Figure 4. Periodogram of branching events in the clades “ehrenbergi” (a) and “leucodon” (b).

Frequency a = 0.1 is significant (P<0.05). Periodicity in eccentricity during the last 3 My with marked branching events in blind mole rats.


Partial autocorrelation of all branching events in spalacids (Table 1) showed a significant ∼400-kyr periodicity (N = 25, ACF(k) = 0.39, T-STAT = 1.95, P = 0.03). In the clade V. “ehrenbergi”, we identified a significant 100-kyr periodicity (Figure 4, Fourier transform, N = 10, α = 0.1, cosine = 1.228, sine = −0.729, P<0.05) like in the clades I+III from the Balkans (Figure 4, Fourier transform, N = 10, α = 0.1, cosine = 0.757, sine = −0.77, P<0.05).

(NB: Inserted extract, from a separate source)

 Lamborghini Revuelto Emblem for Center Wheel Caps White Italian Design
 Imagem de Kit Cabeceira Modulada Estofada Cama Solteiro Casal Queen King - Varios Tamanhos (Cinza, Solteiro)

However, we observed a shift in the amplitude of periodicity between both groups (Bivariate Fourier Analysis, N = 10, α = 0.1, cosine (I+III) = 0.757, sine (I+III) = −0.77, cosine (V) = −0.05 and sine (V) = 0.154) as well as in the clades (II+IV) from Anatolia (a sample size too small for a detailed analysis).

Table 1. Timing of branching events on “significant” nodes (bootstrap>95) on the Maximum likelihood tree (Figure 1).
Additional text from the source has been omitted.